Susan's Thursday morning note March 26, 2009 Edna St. Vincent Millay poetry – “Everywhere I look you are, but you’re nowhere…” Poem on death of her loved one.
Good morning! If you have read my notes for a long time you may remember me mentioning reading poetry by Edna St. Vincent Millay. A book arrived a few years ago in my home because we were in a book club. The book was Early Poems. Below is a beautiful poem on the loss of someone that she loved.
Everywhere I look you are, but you're nowhere. The room is full of you.... You are not here. I know that you are gone, and will not ever enter here again. And yet it seems to me, if I should speak, Your silent step must wake across the hall; if I should turn my head,that your sweet eyes Would kiss me from the door. - So short a time To teach my life its transposition to This difficult and unaccustomed key! There is your book, just as you laid it down, And here are the last words your fingers wrote...in this brown book I gave you... you did not know you would not write again.... ("I picked the first sweet-pea today.") What is the need of Heaven When earth can be so sweet?
In December I found a biography on this woman in an old antique shop in Wisconsin Dells. I was intrigued that she wrote the above lines in college, without even experiencing grief firsthand. She was known for her intuitions, her feelings for others, her empathy. She is such a fascinating girl & this is what I’ve underlined so far in the book – I hope you can picture parts of yourself or friends in what you read about her. Now we will find out who the girl/woman is behind the words above that I was immediately captured by.
As a child:
…despite the girls’ passionate love for mankind, for the wondrous earth she inhabited, she was destined always to be in some measure a solitary soul.
...she seemed a child born with love and laughter on her lips, and a foreknowledge of life’s sorrow as well as its joy...quicksilver responses to life and the varying moods of others…her wonder at each new discovery in the world around her, from her own tiny perfect hands to the first flowers and birds her eyes beheld, she seemed transfixed with joy and awesome delight. Yet her expression changed to one of sadness when her mother’s face was troubled, and her sympathy flowed intuitively. (Her father left her mother when she was a young child – she had two younger sisters she cared for in Maine).
…immediate grasp and love of music, she early showed the signs of the rarely gifted….small Vincent seemed indeed to be the embodiment of the poetic and the saintly, combined with a pantheistic joy in being alive.
…just as she sang for sensual pleasure and played the piano for the thrill of the sound.
Strength of her mother in raising her daughters alone:
…she had the courage to act on her conviction.
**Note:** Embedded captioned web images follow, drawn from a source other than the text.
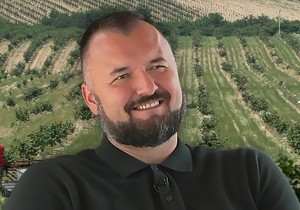 Milan Mačvan 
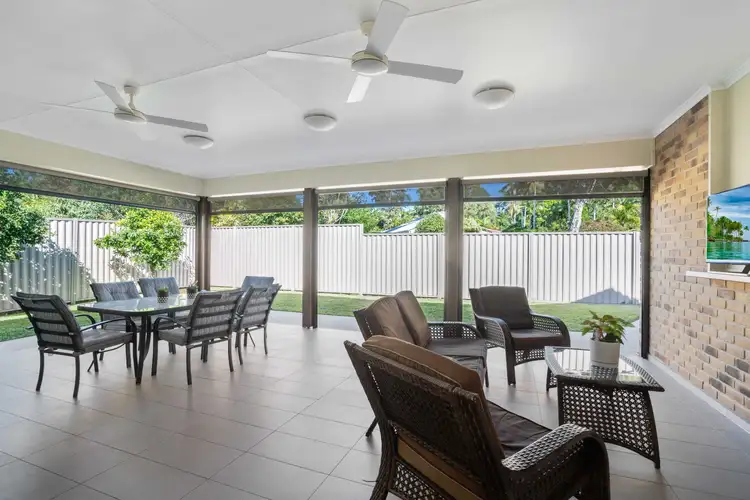 Fourth view of Homely house listing, 160 Wises Road, Buderim QLD 4556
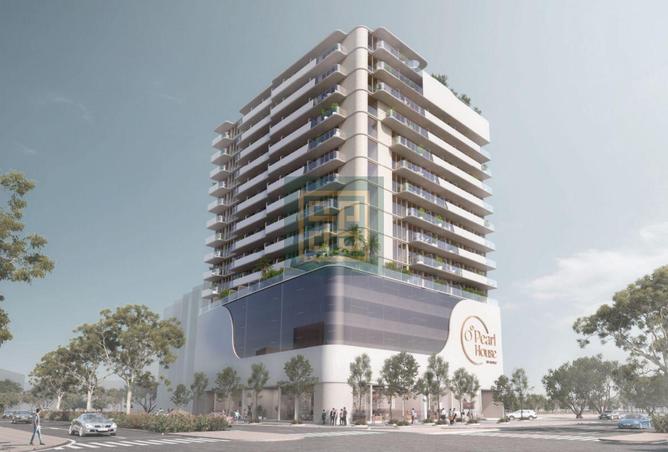 68269379 - صورة العقار 2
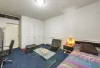 104/51 Rathdowne Street, Carlton, Vic 3053-Image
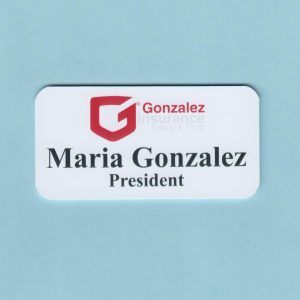 Signsland USA - Gonzalez Insurance-0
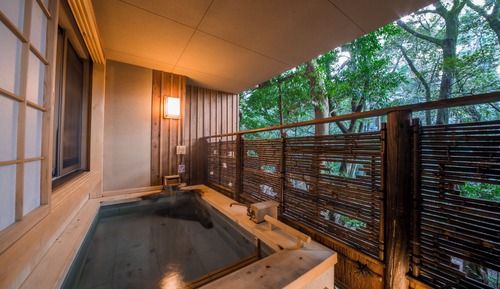 Habitación Premium, no fumadores (B, futons provide from 3rd guests)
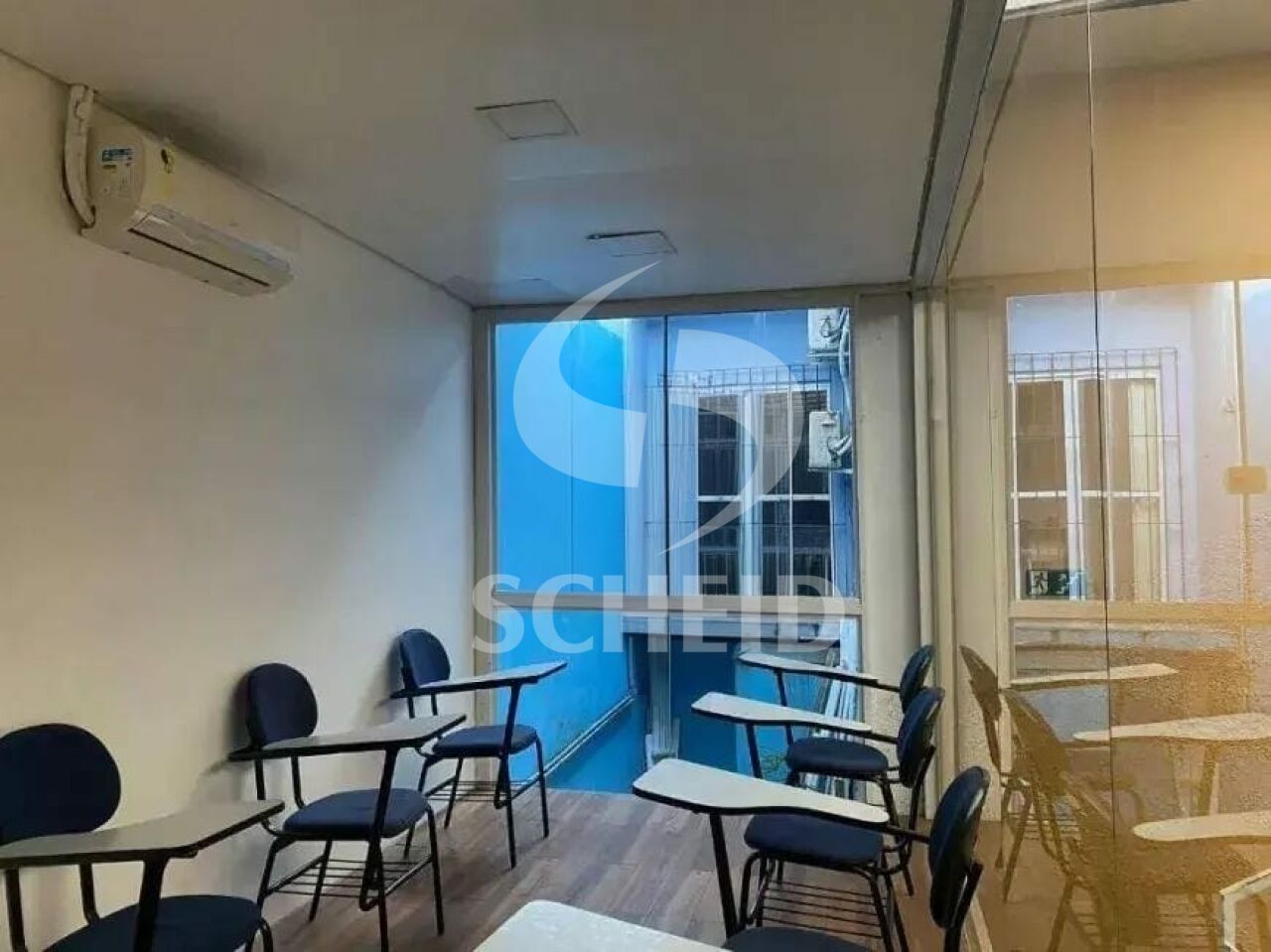 Foto 10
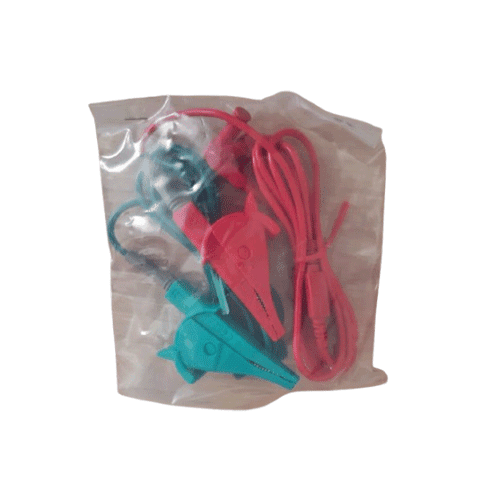 پراب ارت سنج یونی تی uni-t UTL-35 — تصویر ۴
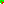 Destellos dst-6101412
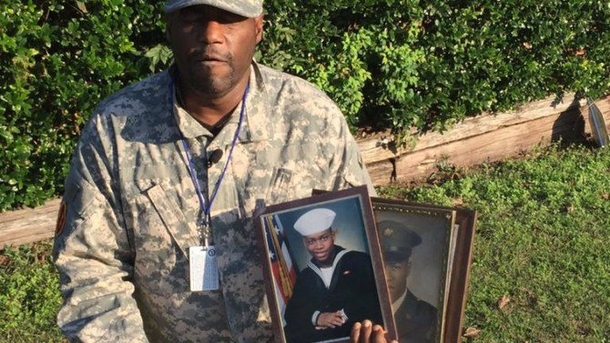 Chili's Manager Takes Vet's Complimentary Meal Away For A Reason Nobody Saw Coming - picture 2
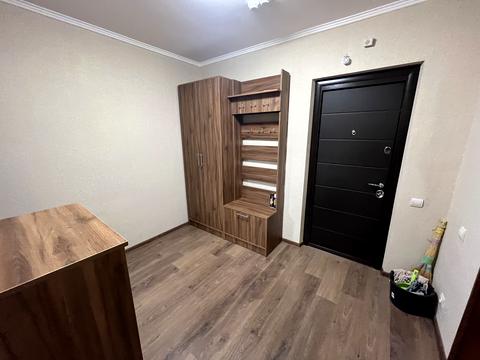 квартира за адресою Софії Русової вул., 1-Б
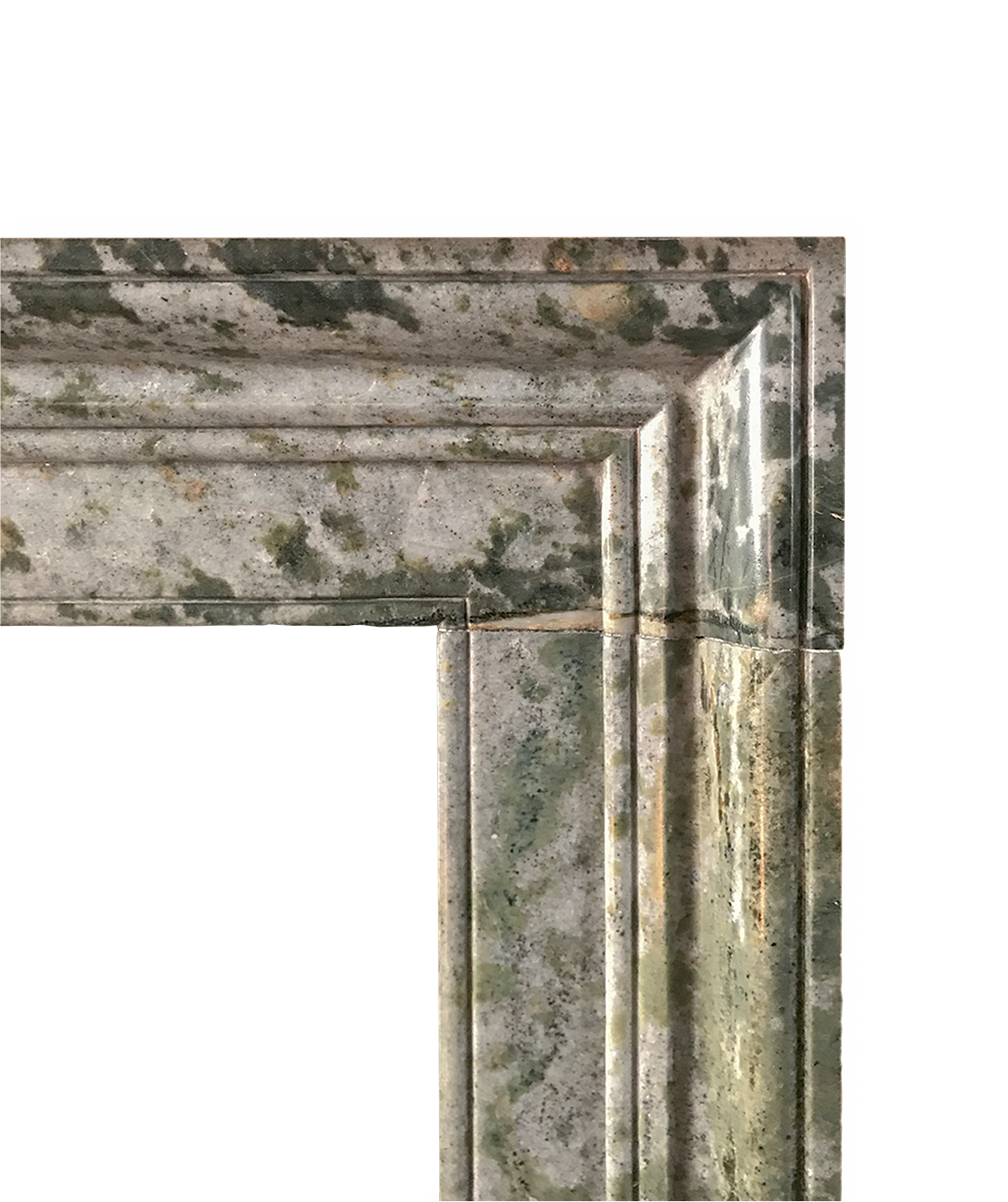 Zoe Polya-Vitry_001_002.png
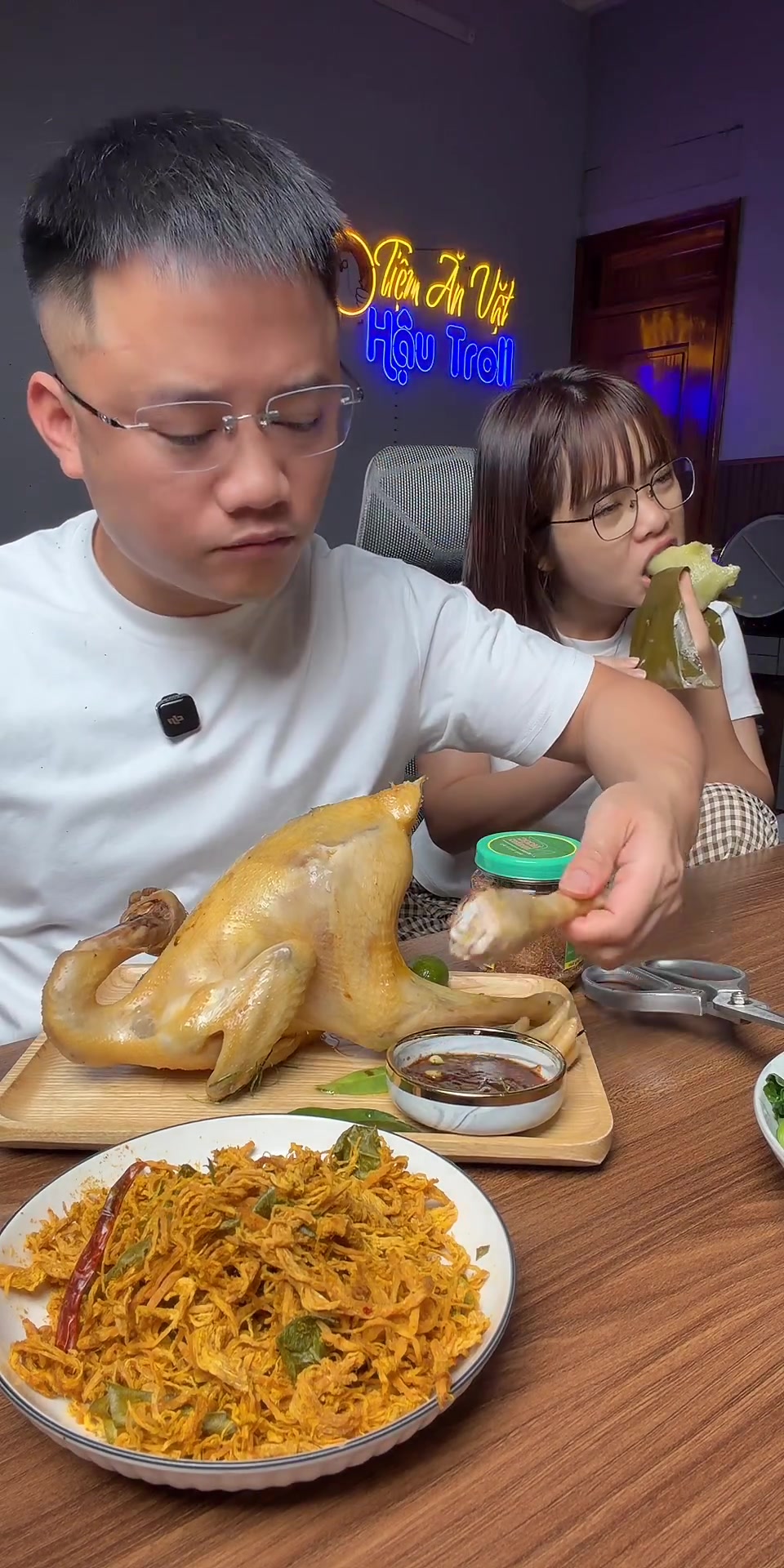 @Nguyễn Văn Hậu (Hậu Troll)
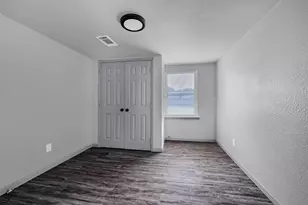 312 Hackney St, Collinsville, TX 76233 - Photo 18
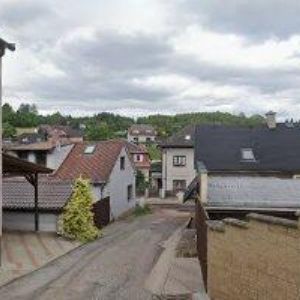 obrazek: avatar BUD-OIFEST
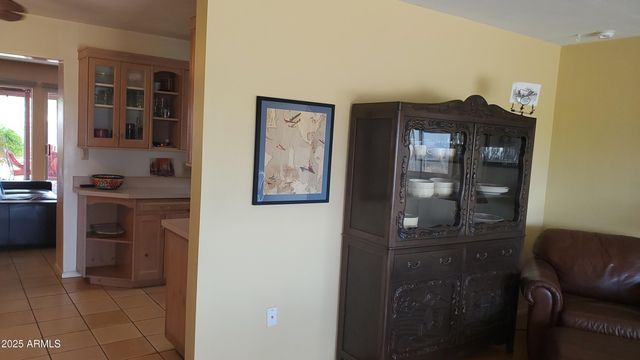 89 PIMA Drive, Bisbee, AZ 85603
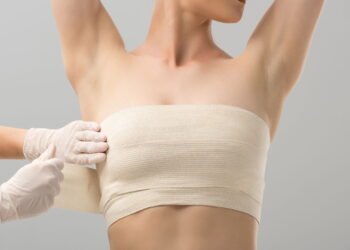 Mamoplastia: Desvendando mitos e informações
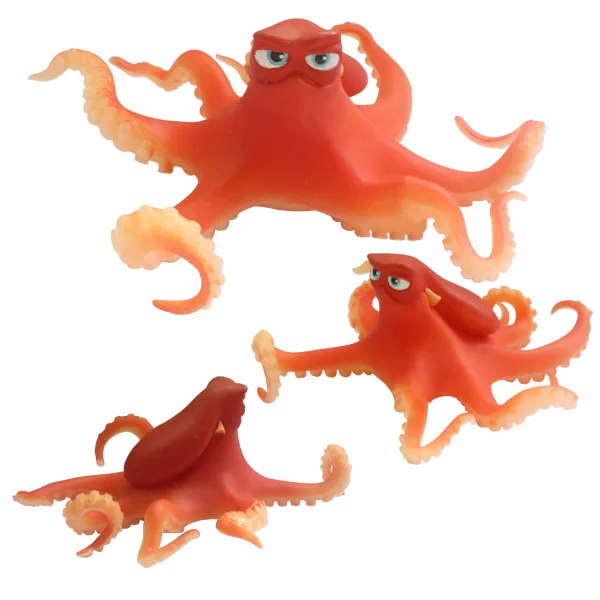 Peixe do mar animais brinquedo do verão definir chinês fabricantes de guangdong fabricante de brinquedos toy collectible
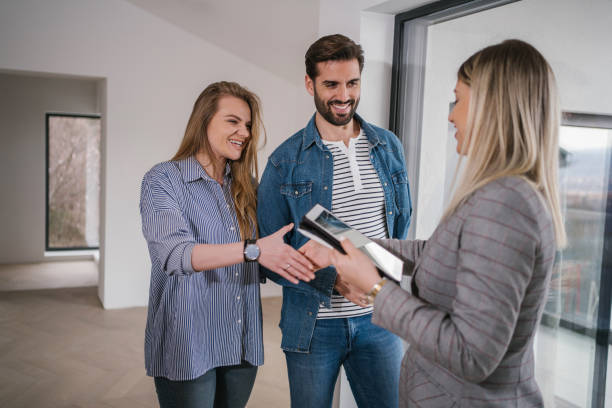 Why is a home inspection so important?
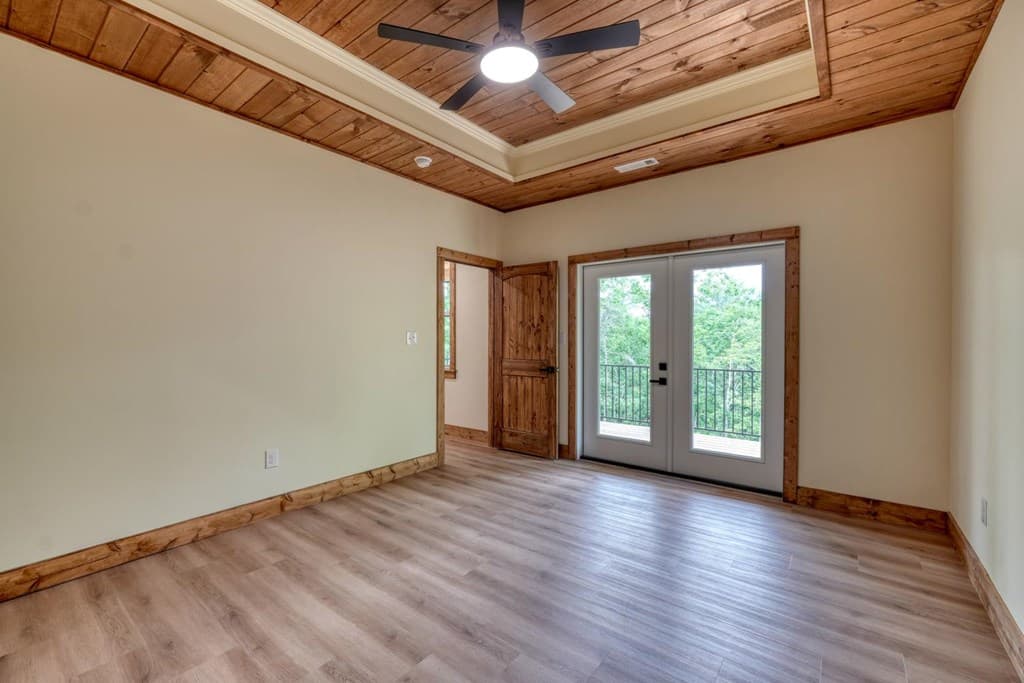 460 River Mountain Road, Murphy NC 28906 - Photo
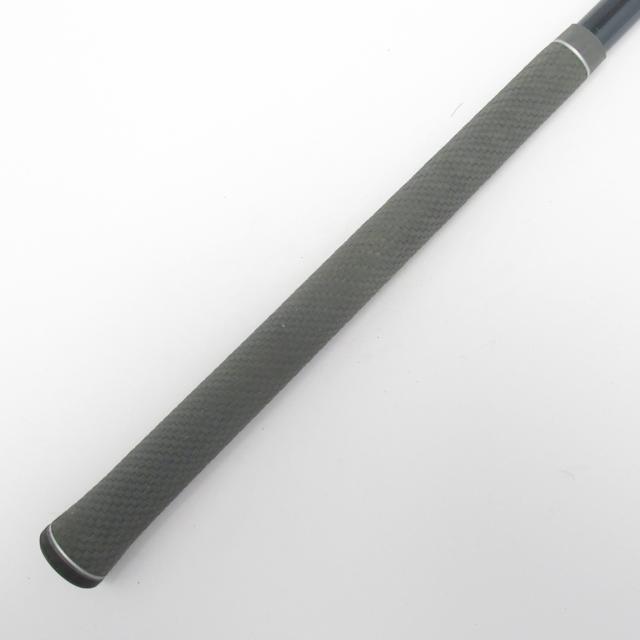 【中古】UST マミヤ　UST Mamiya　LIN-Q BLUE EX ドライバー用_スリーブ付 LIN-Q BLUE EX 6_2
…Cora Millay valued the things of the spirit, especially the arts, above all else in the world. no daughter of hers would ever be told to pick up her room if a poem was in the process of creation. Instead, she would goad the project along, suggesting words if asked, or urging, “Look it up, look it up!” when unknown classical allusions arose in one of the girls’ reading.
…though Mrs. Millay earned hardly enough to pay the grocer or the coal company, she managed to provide her girls with the finest collection of books in Camden. And she made it clear that she did not buy them for decoration!
…music indeed was as much a part of the Millay’s unusual household as literature.
…when Cora Millay saw her oldest daughter lying in the hammock with a book, she understood that the girl was not being lazy, but was extremely diligent in her scholarly pursuits.
As a young adult and published poet:
…throughout her life she was to find peace and comfort as well as pleasure in playing and in listening to music. Toward the end she declared that of all the senses she would rather keep her hearing than any other,even more than the precious sense of sight, because of her love of music.
…(friendships)…they spent long hours over innumerable cups of tea, talking, talking, talking their heads off, then dropping into silence – the “lovely, lovely silence” of unspoken communication between kindred spirits.
This is a poetry book I have by my bed – for when I don’t have energy to read, the poems (though sometimes dark) reflect the inner thoughts so brilliantly that I could never myself put into words. Can you picture a child or friend with her personality? Reserved, passionate, intuitive, joyful? I’ll always be especially endeared to her because she is my first taste of truly loving poetry.
And, with that, it’s snowing outside! I thought spring was supposed to be here. That gives me ample excuse for another cup of coffee. No matter your circumstances never let your reality get the best of you. Life truly is beautiful, no matter our losses. Thank you so much for letting me come into your Thursday world. If you only knew what your friendship, business, support of our store means. Go take on your day. Do something that makes you proud of yourself – something no one else will ever know you did. Take a few minutes for yourself. And, the verse that I repeat, and my friends repeat to me if I can’t grasp it on my own…that gives me peace no matter what my day brings…Be still and know that I am God. I hope that in your silent prayer you receive the peace for your circumstances that only God can give. Susan
Works Cited: Gould, Jean. The Poet and Her Book: A Biography of Edna St. Vincent Millay. 1969. Dodd, Mead & Co. New York. Millay, Edna St. Vincent. Early Poems. 1998. Penguin Group. New York.